To me, the big issue in the case seemed to be whether the typical personal jurisdiction analysis is the right frame through which to view the case. And that is why I am concerned by an account I heard, from someone who was there, of the oral argument. Apparently, despite some hints by the panel, counsel for the applicant conceded that the Daimler framework, the framework the Supreme Court has adopted as the ordinary personal jurisdiction analysis, should apply. But that’s precisely what’s in dispute in this case, or should be.

As I wrote in the prior post, I don’t have a completely firm view here, but my basic sense is that it’s probably wrong to import the Daimler analysis into § 1782, because whatever deprivation of life, liberty, or property is involved in responding to a subpoena minimal and perhaps different in kind from the deprivations that a defendant in a lawsuit might face if found liable. I know people who have argued that a showing of personal jurisdiction might or might not be necessary in the context of third-party discovery (e.g., in a § 1782 action), but it certainly should not be necessary the context of recognition of foreign judgments, at least if the judgment debtor has property in the forum (because the judgment debtor has already had the case adjudicated). My intuition runs in the other direction: a showing of personal jursidiction might or might not be necessary in the context of judgment recognition, but it shouldn’t be necessary in the context of discovery, as long as the target of the subpoena has some presence in the forum. Why? One reason is a bit tangential to my point here: the common law conception of a foreign judgment is just as a right of action, not as a judgment that can be enforced once it is given an exequatur. That may be somewhat metaphysical—the upshot is that as far as our law is concerned, the foreign judgment debtor hasn’t had its liability here adjudicated and should be entitled to real due process protections.
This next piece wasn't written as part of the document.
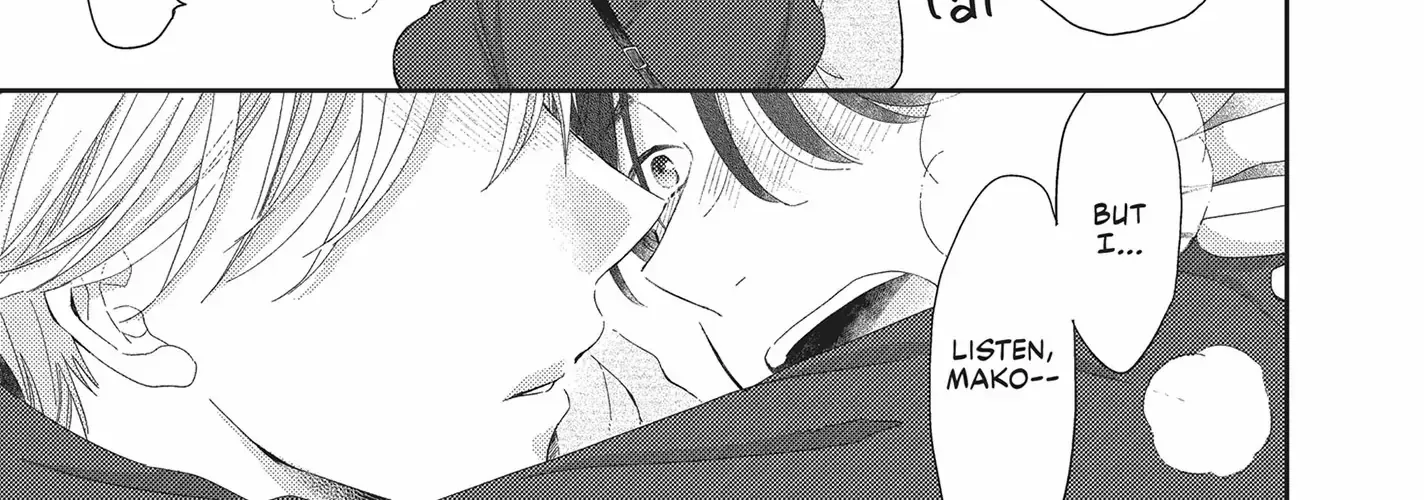 Read Otonari Complex chapter 46.6 image 83 on Lezhin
The target of a subpoena, on the other hand, will never have its liability adjudicated: it is not a party, but is simply being asked to give evidence. Yes, behind every subpoena ultimately the threat of the contempt sanction. But I don’t like or really agree with the kind of legal philosophy that tries to understand everything about the law in terms of coercive sanctions that could eventually follow from disobedience. Read my three-part polemic on legal history and service of process for some thoughts on the conceptual link we make between summonses and the power to arrest.

I also want to point out that applying Daimler to subpoenas in the § 1782 context probably will mean constitutionalizing the reach of subpoenas in all civil and criminal actions.

In any event: Second Circuit law clerks, if you are reading this—have a talk with your judges about Daimler and § 1782. Since the issue of its applicability hasn’t really been litigated, the court needn’t and probably shouldn’t decide it. Thank you!